Some of these enactments were peculiarly offensive, not to say atrocious. In Alabama, which might indeed serve as an example for the other rebellious States, "stubborn or refractory servants" and "servants who loiter away their time" were declared by law to be "vagrants," and might be brought before a justice of the peace and fined fifty dollars; and in default of payment they might be "hired out," on three days' notice by public outcry, for the period of "six months." No fair man could fail to see that the whole effect, and presumably the direct intent, of this law was to reduce the helpless negro to slavery for half the year—a punishment that could be repeated whenever desired, a punishment sure to be desired for that portion of each recurring year when his labor was specially valuable in connection with the cotton crop, while for the remainder of the time he might shift for himself.
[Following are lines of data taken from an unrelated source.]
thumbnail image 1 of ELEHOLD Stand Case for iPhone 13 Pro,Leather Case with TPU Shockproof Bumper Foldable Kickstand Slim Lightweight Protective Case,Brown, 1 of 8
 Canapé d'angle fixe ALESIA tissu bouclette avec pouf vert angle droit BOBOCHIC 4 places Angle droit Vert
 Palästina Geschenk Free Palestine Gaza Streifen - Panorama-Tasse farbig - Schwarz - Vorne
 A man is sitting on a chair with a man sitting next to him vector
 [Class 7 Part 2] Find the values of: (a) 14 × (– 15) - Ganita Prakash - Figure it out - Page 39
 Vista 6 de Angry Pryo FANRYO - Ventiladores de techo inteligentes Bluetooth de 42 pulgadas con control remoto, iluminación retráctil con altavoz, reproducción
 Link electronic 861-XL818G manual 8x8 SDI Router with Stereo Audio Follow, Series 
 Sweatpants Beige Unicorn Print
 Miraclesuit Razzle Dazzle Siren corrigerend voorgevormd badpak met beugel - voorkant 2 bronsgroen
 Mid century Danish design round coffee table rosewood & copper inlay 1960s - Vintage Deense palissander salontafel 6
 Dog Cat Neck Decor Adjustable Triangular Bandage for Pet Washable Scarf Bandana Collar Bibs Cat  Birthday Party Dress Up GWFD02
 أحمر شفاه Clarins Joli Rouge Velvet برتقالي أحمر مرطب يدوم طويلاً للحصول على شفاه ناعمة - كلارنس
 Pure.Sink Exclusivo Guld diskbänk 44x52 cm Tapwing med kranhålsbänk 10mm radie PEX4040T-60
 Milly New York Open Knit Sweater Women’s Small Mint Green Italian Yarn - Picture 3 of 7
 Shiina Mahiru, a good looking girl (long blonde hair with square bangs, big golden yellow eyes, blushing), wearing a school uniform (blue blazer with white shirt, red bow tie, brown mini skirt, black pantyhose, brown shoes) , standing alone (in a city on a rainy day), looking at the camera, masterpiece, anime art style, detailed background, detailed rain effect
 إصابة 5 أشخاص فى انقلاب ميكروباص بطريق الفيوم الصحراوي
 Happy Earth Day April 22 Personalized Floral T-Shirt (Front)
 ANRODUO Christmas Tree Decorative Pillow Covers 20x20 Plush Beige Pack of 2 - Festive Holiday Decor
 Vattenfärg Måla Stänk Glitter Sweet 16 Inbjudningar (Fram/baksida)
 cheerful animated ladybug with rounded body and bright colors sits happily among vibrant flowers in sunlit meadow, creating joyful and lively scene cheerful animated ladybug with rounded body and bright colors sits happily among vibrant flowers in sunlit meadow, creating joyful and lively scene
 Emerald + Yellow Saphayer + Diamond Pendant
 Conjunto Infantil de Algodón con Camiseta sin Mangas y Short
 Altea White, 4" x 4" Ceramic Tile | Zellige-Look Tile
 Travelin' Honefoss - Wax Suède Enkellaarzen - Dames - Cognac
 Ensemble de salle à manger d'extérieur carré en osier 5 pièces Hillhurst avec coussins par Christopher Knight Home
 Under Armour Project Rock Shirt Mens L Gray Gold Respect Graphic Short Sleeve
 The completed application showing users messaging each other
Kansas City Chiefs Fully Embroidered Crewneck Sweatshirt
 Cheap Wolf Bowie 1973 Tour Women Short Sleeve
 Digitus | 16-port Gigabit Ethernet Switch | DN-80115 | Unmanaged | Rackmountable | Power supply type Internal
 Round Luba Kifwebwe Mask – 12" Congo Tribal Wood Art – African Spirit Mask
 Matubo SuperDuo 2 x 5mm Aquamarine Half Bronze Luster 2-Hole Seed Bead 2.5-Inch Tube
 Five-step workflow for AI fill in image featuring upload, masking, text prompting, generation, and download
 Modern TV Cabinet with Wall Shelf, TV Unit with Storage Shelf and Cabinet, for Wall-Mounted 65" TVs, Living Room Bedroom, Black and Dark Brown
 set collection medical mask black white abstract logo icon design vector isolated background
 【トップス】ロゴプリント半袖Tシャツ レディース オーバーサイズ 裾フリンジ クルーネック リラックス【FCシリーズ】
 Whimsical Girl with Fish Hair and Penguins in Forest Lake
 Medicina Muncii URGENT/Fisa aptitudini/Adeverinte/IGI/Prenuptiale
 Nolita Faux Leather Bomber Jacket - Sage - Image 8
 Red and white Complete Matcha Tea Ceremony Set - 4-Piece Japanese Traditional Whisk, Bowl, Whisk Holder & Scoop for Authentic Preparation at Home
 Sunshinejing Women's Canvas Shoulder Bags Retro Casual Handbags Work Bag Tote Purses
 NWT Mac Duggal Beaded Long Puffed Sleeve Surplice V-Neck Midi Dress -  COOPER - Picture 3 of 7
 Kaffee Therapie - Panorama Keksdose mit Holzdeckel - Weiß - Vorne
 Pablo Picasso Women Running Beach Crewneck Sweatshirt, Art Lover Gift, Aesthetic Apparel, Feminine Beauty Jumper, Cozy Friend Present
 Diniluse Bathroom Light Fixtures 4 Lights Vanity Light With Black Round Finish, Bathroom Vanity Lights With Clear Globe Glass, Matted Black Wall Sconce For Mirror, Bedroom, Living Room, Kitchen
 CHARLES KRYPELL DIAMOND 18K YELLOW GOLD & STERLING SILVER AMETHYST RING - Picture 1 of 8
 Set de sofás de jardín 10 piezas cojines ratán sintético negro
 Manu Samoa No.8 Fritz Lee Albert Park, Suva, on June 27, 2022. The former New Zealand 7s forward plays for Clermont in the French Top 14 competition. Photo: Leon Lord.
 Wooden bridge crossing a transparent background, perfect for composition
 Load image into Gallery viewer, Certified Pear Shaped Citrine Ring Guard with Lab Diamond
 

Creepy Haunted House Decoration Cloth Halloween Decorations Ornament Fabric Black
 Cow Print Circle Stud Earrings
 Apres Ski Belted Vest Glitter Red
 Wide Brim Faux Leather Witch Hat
By this detestable process the "master" had the labor of the "servant" for a mere pittance; and even that pittance did not go to the servant, but was paid into the treasury of the county, and thus relived the white men from their proper share of taxation. There may have been more cruel laws enacted, but the statute-books of the world might be searched in vain for one of meaner injustice.

The foregoing process for restoring slavery in a modified form was applicable to men or women of any age. But for "minors" a more speedy and more sweeping methods was contrived by the law-makers of Alabama, who had just given their assent to the Thirteenth Amendment to the Constitution. They made it the "duty of all sheriffs, justices of the peace, and other civil officers of the several counties," to report the "names of all minors under the age of eighteen years, whose parents have not the means or who refuse to support said minors," and thereupon it was made the duty of the Court to "apprentice said minor to some suitable person on such terms as the Court may direct." Then follows a suggestive proviso directing that "if said minor be the child of a freedman" (as if any other class were really referred to!) "the former owner of said minor shall have the preference;" and "the judge of probate shall make a record of all the proceedings," for which he should be entitled to a fee of one dollar in each case, to be paid, as this atrocious law directed, by "the master or mistress." To tighten the grasp of ownership on the minor who was now styled an apprentice, it was enacted in almost the precise phrase of the old slave-code that "whoever shall entice said apprentice from his master of mistress, or furnish food or clothing to him or her, without said consent, shall be fined in a sum not exceeding five hundred dollars."